Although it hasn’t issued any debt yet or announced its specific borrowing plans, Standard and Poor’s already gave Apple an A++ rating, while Moody’s gave Apple a “Aa1” rating because it expects that Apple “will continue to maintain and defend its very strong market position in mobile devices and tablets” and will “maintain a very high net cash balance and a lowly levered balance sheet.” The federal government pays around 1.7 percent to borrow money for 10 years, so Apple would probably only pay a slight premium. It currently carries no debt. When Amazon issued new debt for the first time in 14 years last November, its 10-year debt came at .93 percent premium to Treasuries.
So who benefits from this cheap-money Apple windfall? First and foremost, shareholders, who have taken a beating as Apple’s stock has fallen more than 40 percent from its September 2012 peak of just over $700. (The stock is now at $406). And those shareholders are concentrated in two large groups: big retail mutual funds and wealth managers who represent a cross section of stockowners and bigtime hedge funds. According to Morningstar, multiple Vanguard funds own 4.61 percent of the stock, Fidelity funds own 4.18 percent. Some 2.72 percent of the widely traded SPDR S&P 500 exchange traded fund, which tracks the S&P 500 index as a whole, is made up of Apple stock; 11.5 percent of the PowerShares QQQ ETF, which tracks the top 100 stocks in the NASDAQ, is Apple shares.
Another big chunk of Apple stock is owned by hedge funds, many of which have substantial holdings. Up until the end of last year, Apple was the favorite stock of the entire hedge fund industry, until it was replaced by the insurance giant AIG. According to Goldman Sachs, at the end of last year, 67 hedge funds had Apple in their top 10 asset holdings and hedge funds owned about 2 percent of Apple’s market capitalization.
As of early March, David Einhorn’s Greenlight capital, which recently ended a legal dispute with Apple and had publicly encouraged the company to issue special preferred shares in order to generate cash for shareholders, owned some 1.3 million Apple shares. That makes Greenlight entitled to more than $3 million in dividends come May 16. A Greenlight spokesperson told The Street that “"We applaud Apple's decision to borrow money and return excess capital to shareholders.”
According to SEC filings, Appaloosa, founded and run by the world’s highest paid fund manager David Tepper, owns over 912,000 shares and had increased its stake when many prominent hedge funds, while other big time funds like Dan Loeb’s Third Point and Leon Cooperman’s Omega Advisors sold out their Apple stakes.

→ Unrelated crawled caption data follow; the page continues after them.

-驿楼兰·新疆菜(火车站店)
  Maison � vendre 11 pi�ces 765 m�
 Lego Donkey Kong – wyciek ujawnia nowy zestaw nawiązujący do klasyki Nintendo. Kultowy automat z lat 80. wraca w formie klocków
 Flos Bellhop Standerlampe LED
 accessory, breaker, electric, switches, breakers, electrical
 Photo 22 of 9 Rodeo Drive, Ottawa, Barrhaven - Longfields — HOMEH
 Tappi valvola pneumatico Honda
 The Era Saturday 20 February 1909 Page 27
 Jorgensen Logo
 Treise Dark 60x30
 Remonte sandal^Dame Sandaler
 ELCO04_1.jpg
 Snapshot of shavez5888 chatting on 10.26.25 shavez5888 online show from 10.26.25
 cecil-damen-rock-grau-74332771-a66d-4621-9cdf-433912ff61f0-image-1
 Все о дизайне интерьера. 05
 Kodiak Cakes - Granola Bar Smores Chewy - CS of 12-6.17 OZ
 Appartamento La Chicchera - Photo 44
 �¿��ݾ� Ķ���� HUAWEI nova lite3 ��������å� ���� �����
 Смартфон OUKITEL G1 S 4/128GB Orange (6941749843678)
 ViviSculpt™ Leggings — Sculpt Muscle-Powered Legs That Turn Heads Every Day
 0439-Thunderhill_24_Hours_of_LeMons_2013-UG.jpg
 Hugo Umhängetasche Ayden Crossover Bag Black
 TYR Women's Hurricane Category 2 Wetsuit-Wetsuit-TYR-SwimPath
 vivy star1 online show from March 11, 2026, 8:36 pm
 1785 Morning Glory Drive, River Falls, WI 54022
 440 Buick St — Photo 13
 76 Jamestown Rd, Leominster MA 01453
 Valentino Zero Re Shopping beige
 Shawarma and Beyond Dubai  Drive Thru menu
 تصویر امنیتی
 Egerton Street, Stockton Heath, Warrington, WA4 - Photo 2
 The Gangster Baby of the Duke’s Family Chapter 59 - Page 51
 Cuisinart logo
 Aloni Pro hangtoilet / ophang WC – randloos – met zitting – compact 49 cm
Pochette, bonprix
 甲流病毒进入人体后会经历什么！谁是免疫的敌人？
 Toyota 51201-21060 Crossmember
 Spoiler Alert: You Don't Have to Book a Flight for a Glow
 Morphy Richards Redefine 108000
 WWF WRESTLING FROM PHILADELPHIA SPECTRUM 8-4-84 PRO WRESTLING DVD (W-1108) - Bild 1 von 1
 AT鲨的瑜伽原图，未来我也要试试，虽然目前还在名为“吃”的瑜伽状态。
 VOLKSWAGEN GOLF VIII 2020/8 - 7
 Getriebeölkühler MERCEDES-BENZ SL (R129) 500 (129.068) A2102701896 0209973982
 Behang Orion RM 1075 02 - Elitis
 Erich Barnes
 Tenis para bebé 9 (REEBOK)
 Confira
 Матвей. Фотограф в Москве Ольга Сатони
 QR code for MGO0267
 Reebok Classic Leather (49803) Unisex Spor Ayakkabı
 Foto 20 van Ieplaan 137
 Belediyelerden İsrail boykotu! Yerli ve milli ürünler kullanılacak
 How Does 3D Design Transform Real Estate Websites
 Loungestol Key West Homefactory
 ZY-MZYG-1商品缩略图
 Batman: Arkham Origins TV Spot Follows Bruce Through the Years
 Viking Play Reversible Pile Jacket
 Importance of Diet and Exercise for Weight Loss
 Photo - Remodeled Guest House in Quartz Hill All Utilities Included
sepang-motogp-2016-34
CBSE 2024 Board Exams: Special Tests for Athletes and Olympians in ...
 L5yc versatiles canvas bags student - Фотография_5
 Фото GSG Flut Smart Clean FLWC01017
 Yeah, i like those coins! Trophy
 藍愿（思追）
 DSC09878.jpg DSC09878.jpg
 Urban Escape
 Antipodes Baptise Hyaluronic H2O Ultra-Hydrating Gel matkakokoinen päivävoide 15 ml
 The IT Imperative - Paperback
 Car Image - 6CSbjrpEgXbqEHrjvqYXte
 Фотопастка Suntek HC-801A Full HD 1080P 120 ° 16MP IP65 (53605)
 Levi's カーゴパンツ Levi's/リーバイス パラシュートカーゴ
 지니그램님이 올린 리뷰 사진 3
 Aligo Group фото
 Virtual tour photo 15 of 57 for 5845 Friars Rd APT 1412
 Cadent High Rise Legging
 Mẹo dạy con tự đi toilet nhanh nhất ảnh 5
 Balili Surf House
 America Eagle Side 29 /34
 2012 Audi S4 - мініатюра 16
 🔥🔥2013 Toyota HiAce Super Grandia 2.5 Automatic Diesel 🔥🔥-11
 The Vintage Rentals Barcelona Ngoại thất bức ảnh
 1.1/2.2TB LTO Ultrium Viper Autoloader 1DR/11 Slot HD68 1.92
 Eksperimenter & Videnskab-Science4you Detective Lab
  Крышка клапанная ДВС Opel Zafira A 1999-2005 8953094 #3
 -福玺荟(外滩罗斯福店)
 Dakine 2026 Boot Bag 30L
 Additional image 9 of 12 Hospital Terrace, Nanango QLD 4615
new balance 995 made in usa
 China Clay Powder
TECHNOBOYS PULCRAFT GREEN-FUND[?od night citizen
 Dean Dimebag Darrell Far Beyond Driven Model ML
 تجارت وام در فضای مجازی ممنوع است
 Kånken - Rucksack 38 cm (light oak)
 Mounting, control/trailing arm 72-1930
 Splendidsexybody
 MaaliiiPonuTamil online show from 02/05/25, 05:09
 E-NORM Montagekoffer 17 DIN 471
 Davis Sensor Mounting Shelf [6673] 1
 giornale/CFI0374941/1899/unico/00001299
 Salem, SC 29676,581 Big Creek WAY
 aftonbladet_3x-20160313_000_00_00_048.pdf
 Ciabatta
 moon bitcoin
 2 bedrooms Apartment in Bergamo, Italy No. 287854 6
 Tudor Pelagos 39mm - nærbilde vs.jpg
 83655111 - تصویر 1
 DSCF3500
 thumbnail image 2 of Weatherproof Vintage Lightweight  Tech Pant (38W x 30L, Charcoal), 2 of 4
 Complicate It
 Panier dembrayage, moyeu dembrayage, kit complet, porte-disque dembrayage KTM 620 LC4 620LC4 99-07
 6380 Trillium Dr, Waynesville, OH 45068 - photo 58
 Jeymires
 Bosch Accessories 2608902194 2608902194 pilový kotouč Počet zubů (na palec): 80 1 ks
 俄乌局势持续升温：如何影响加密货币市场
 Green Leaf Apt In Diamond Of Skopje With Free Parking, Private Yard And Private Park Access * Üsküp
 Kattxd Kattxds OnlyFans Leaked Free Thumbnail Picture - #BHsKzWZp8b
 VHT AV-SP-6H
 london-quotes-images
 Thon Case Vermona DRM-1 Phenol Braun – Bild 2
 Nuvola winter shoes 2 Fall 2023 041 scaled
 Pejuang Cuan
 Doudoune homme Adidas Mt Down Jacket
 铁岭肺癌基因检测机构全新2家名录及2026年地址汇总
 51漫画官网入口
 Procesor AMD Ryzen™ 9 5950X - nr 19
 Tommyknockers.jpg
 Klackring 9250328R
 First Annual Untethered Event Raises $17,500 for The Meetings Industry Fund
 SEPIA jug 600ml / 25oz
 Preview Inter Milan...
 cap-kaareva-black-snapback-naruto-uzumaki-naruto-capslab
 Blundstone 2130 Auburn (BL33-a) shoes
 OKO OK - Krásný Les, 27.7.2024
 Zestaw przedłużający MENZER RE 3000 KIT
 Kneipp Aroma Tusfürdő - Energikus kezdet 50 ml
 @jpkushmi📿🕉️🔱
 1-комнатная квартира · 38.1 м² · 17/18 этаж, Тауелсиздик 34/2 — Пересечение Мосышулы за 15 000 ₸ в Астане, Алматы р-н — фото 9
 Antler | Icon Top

Appaloosa’s stake is worth roughly $370 million today and entitles it to just under $2.8 million in dividends, not to mention the substantial uptick sure to follow Apple announcing history’s greatest buyback.
In a statement, Apple CEO Tim Cook said “We believe so strongly that repurchasing our shares represents an attractive use of our capital that we have dedicated the vast majority of the increase in our capital return program to share repurchases.” And while the hedge fund agitators have had a lot of complaints about Cook’s tenure, on this, they can surely agree.